Task to carry out>
Each entry that follows is to be retyped exactly. Pictures do not belong in the copy.

Supplied data>
-*-*-

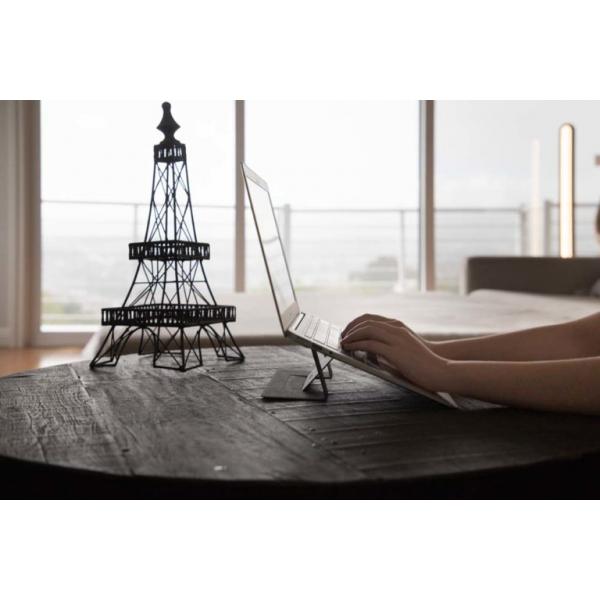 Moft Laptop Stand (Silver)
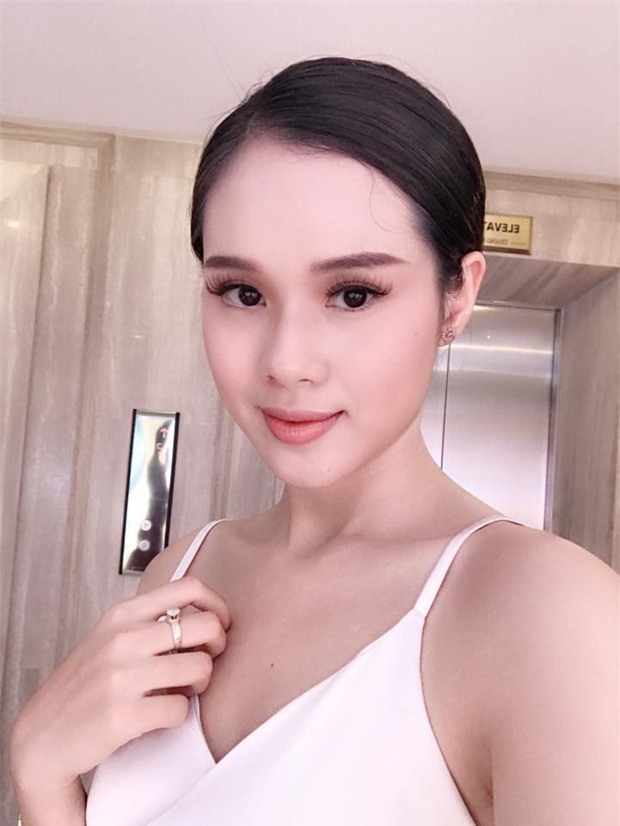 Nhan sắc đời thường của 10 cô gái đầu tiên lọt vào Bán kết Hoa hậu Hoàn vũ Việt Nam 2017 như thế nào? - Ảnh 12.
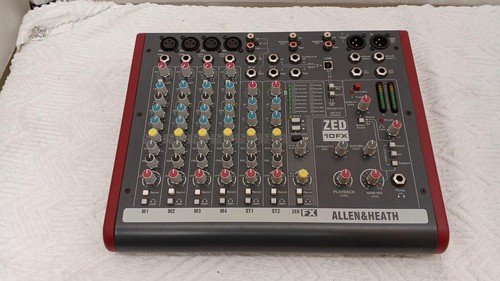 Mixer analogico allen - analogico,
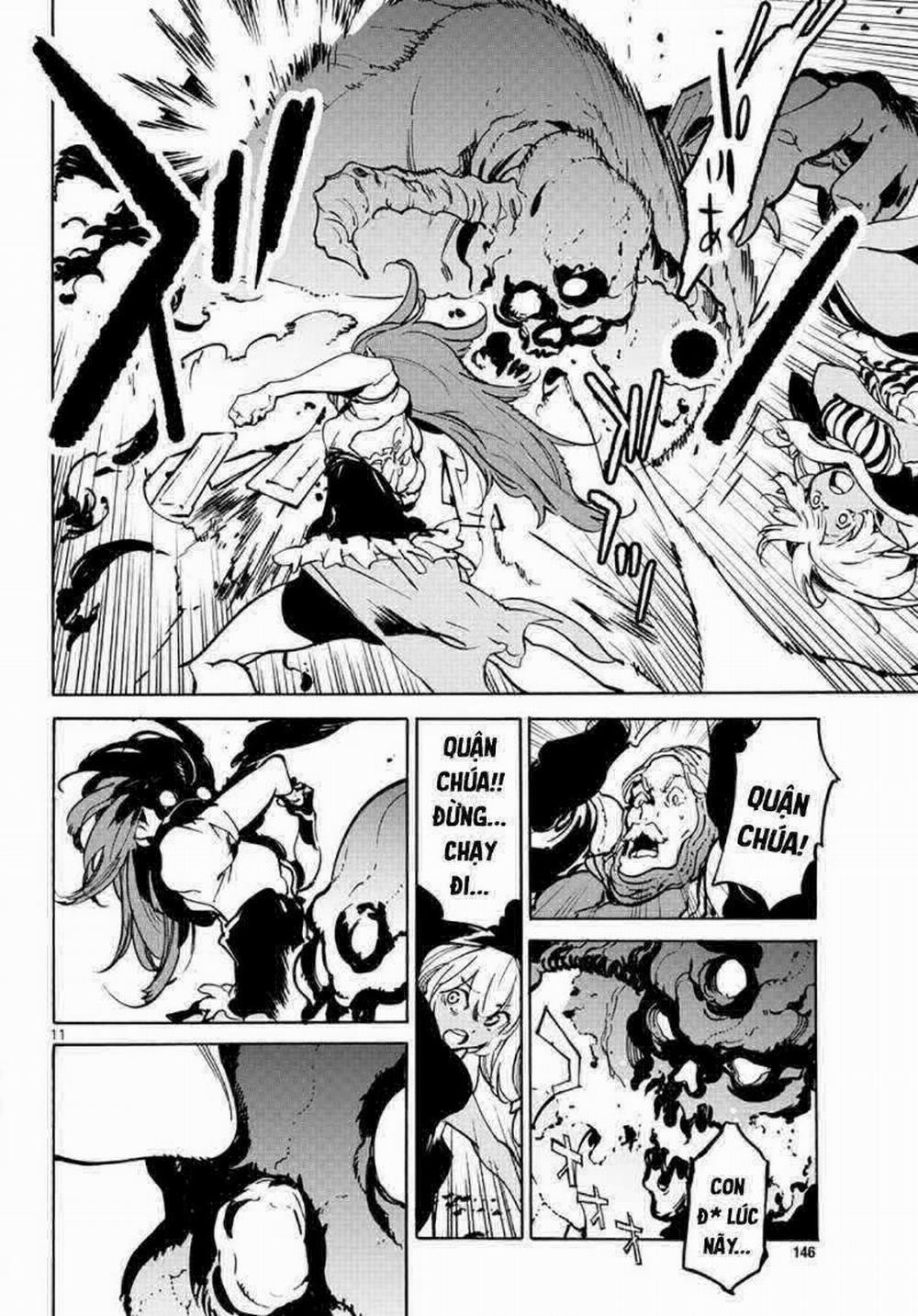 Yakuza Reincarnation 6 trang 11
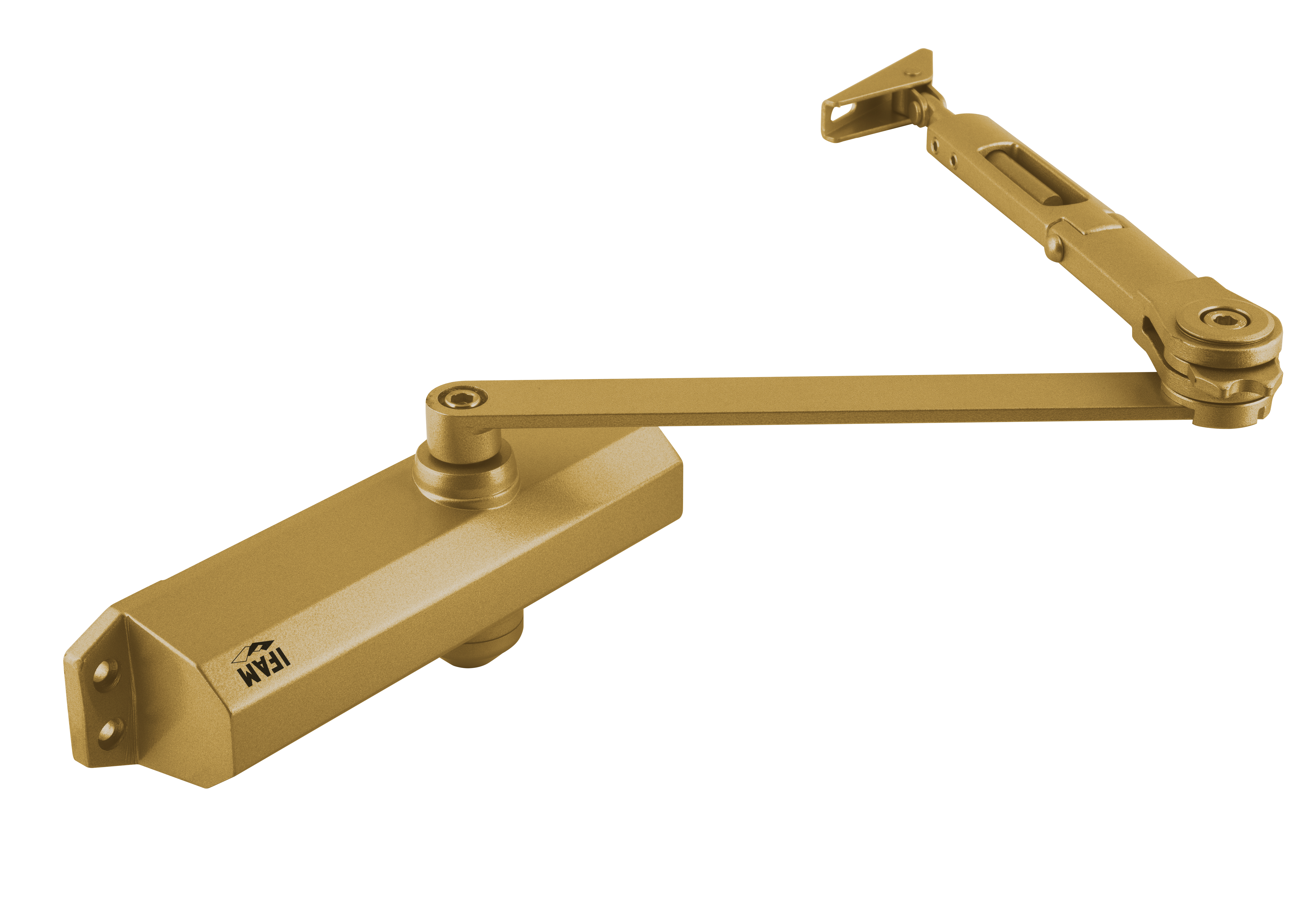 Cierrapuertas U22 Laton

-*-*-

Solved problem>
 Moft Laptop Stand (Silver)
 Nhan sắc đời thường của 10 cô gái đầu tiên lọt vào Bán kết Hoa hậu Hoàn vũ Việt Nam 2017 như thế nào? - Ảnh 12.
 Mixer analogico allen - analogico,
 Yakuza Reincarnation 6 trang 11
 Cierrapuertas U22 Laton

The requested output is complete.